• [Source data]:
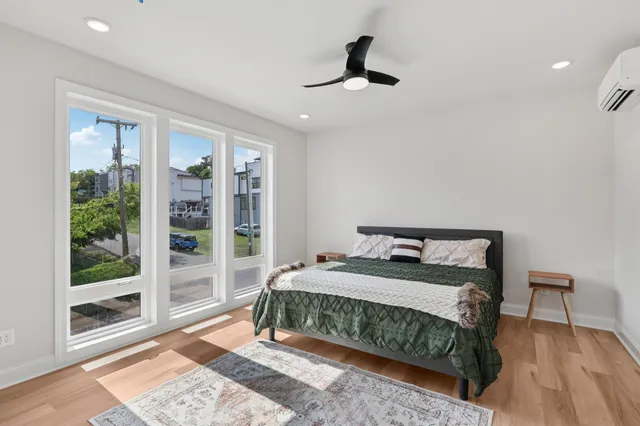 a bedroom with a bed and a window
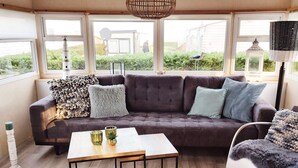 Een moderne woonkamer met een hoekbank, een salontafel en uitzicht op een huis door grote ramen.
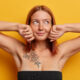 young woman with tattoos on chest and left arm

• [Problem description]: Write out the material exactly, excluding pictures.

• [Written response]:
 a bedroom with a bed and a window
 Een moderne woonkamer met een hoekbank, een salontafel en uitzicht op een huis door grote ramen.
 young woman with tattoos on chest and left arm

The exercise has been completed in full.